§ **The records**:
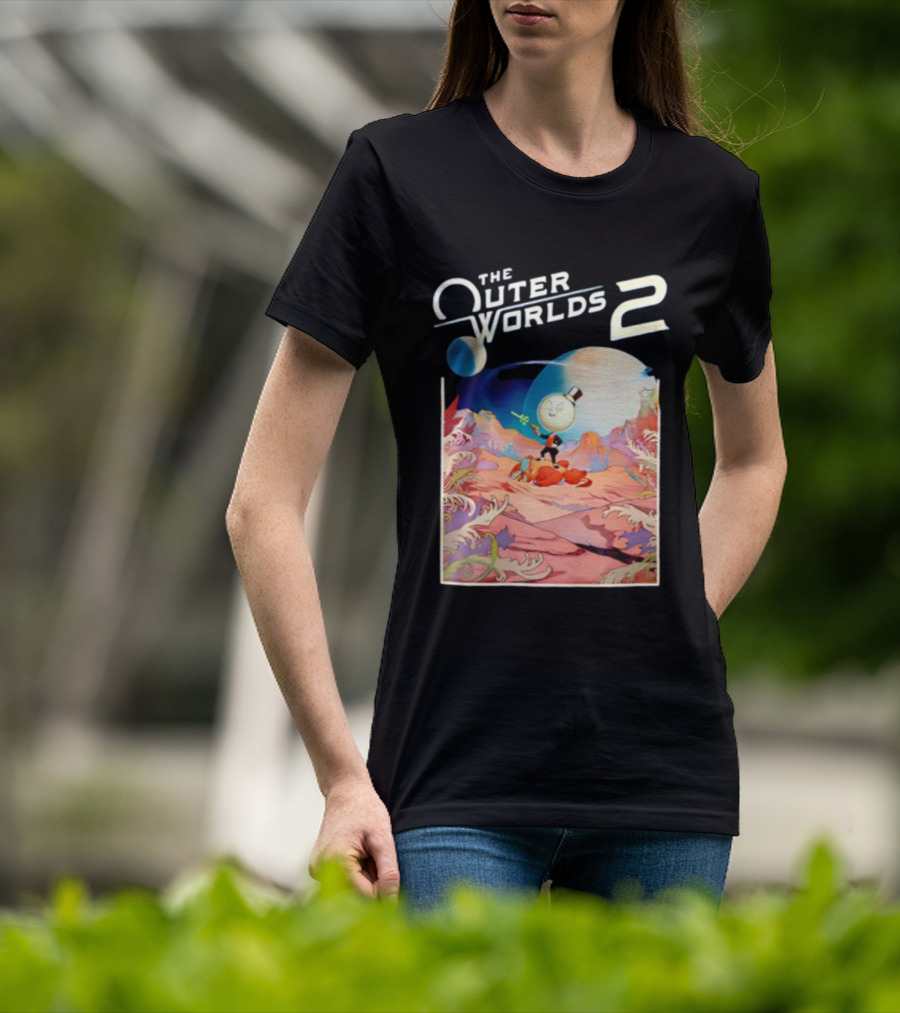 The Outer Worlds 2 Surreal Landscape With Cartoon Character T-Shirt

...

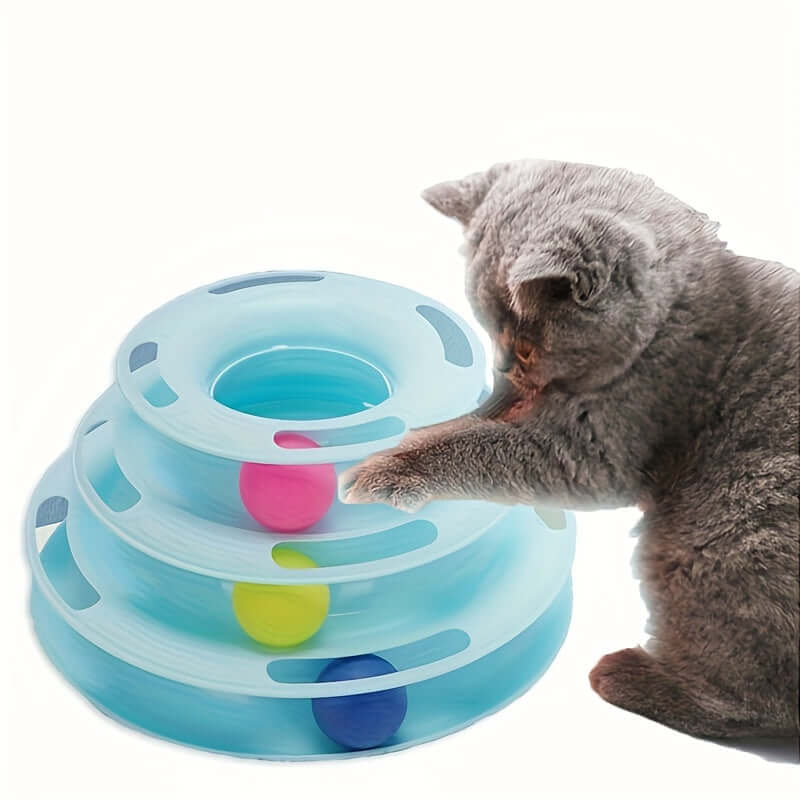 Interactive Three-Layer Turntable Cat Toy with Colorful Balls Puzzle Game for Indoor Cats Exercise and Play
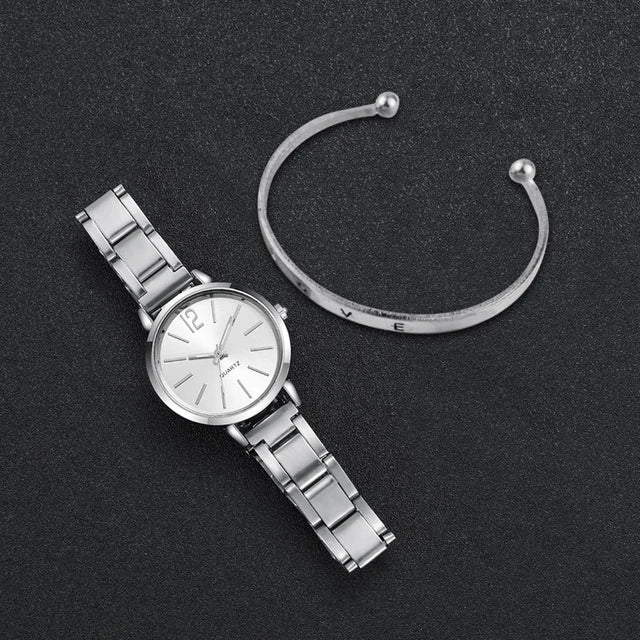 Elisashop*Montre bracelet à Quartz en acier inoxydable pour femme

...

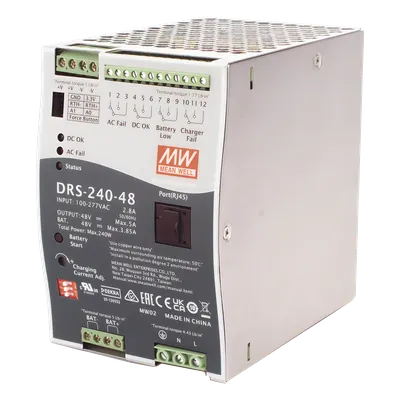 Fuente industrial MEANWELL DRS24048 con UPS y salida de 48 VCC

§ **Description of the task**: In the entries above, find the line with "Interactive Three-Layer Turntable" and the line with "Elisashop*Montre bracelet à". Write out exactly those two lines and every line between them, pictures excluded.

§ **Response**:
 Interactive Three-Layer Turntable Cat Toy with Colorful Balls Puzzle Game for Indoor Cats Exercise and Play
 Elisashop*Montre bracelet à Quartz en acier inoxydable pour femme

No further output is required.